### TASK DESCRIPTION
Please repeat exactly the lines from the one containing "The card actually" through the last line of the records below, both included, and leave out any pictures.
──────
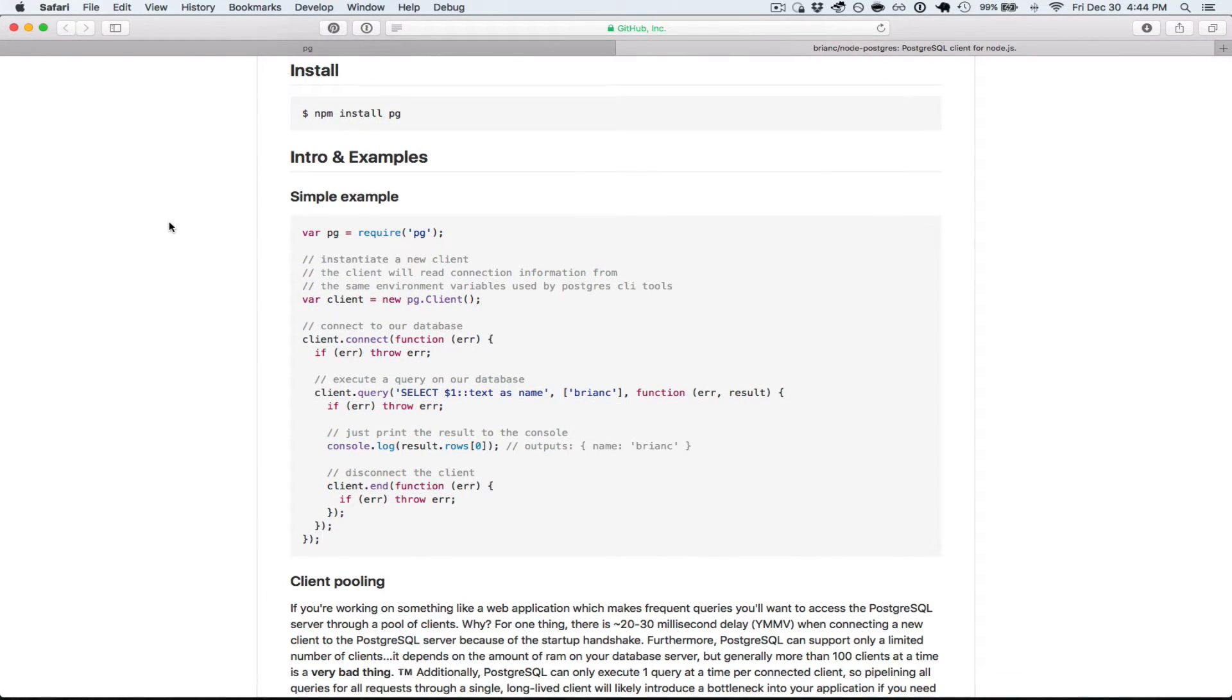So the first thing you see on the readme is a simple example, and it uses one client connection as opposed to client pooling, which we'll get into in a little bit.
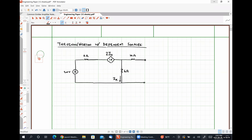Our goal here is to determine VTH, I_Norton, and RTH for this particular circuit as seen between the two open circuit terminals on the right-hand side.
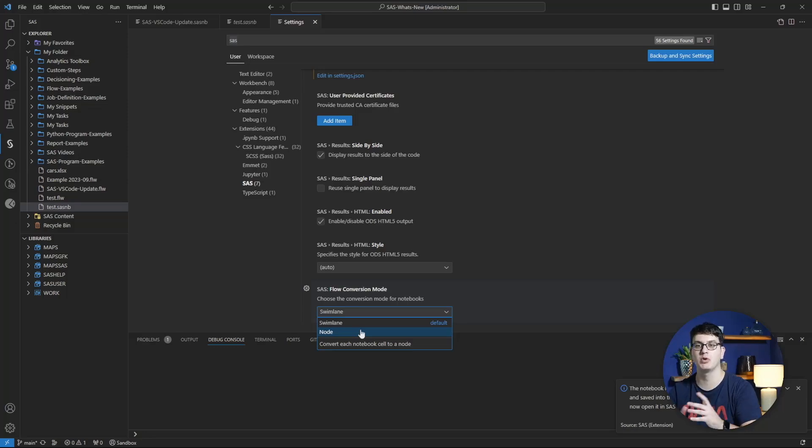I hope you have enjoyed this update and are excited about all the awesome new features introduced in the SAS extension for Visual Studio Code. See you next update.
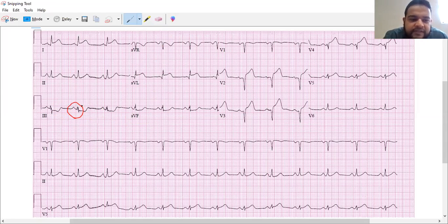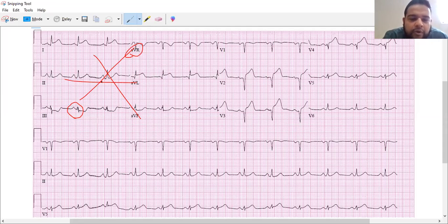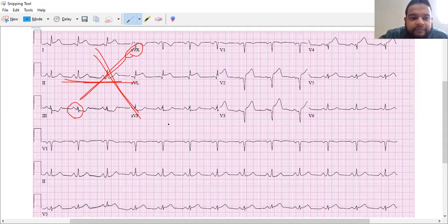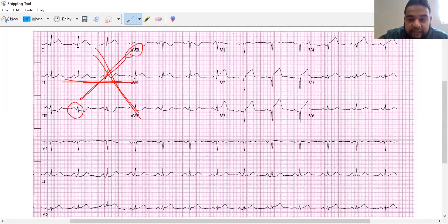The next step is to find the lead perpendicular to three. So which is the lead perpendicular to three? That's going to be AVR. So now we're going to look at what is... like the star method, where we just draw a star — that's our mnemonic. So lead three goes to AVR, AVF goes to lead one, and two goes to AVL. That gives us our perpendicular lead. So we narrowed down lead three and the perpendicular lead is AVR.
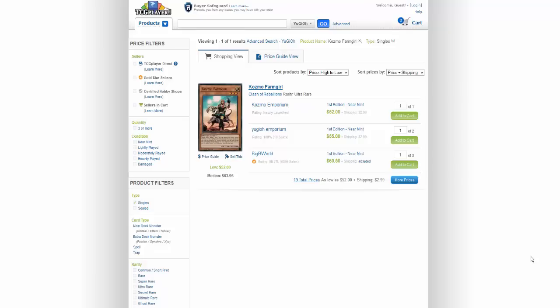The card actually peaked at $70 yesterday and it's coming crashing down today. The card's steadily going under $60 now, which is extremely good.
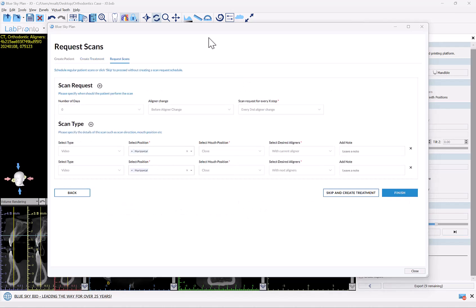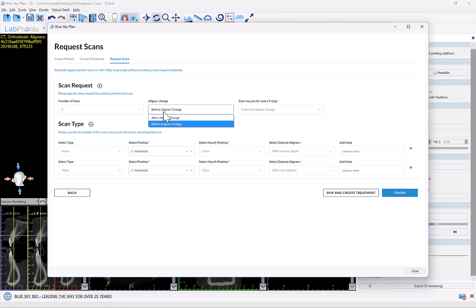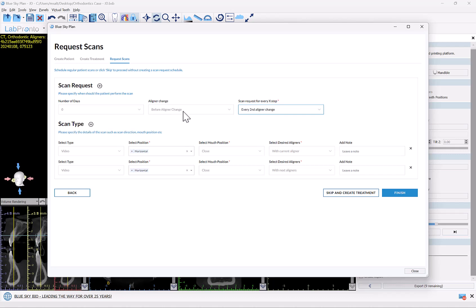Now we're setting up the schedule for the patient scans and what type of scans they will be. We've pre-populated the screen with recommended default settings, which you can review and change. We have a field for number of days — either before or after aligner change — and how often, such as every aligner change or every second aligner change. The default is zero days before the aligner change, every second aligner change, meaning the patient is prompted for a scan every second time they're supposed to change their aligners rather than every time.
──────
### REPLY
The card actually peaked at $70 yesterday and it's coming crashing down today. The card's steadily going under $60 now, which is extremely good.
Now we're setting up the schedule for the patient scans and what type of scans they will be. We've pre-populated the screen with recommended default settings, which you can review and change. We have a field for number of days — either before or after aligner change — and how often, such as every aligner change or every second aligner change. The default is zero days before the aligner change, every second aligner change, meaning the patient is prompted for a scan every second time they're supposed to change their aligners rather than every time.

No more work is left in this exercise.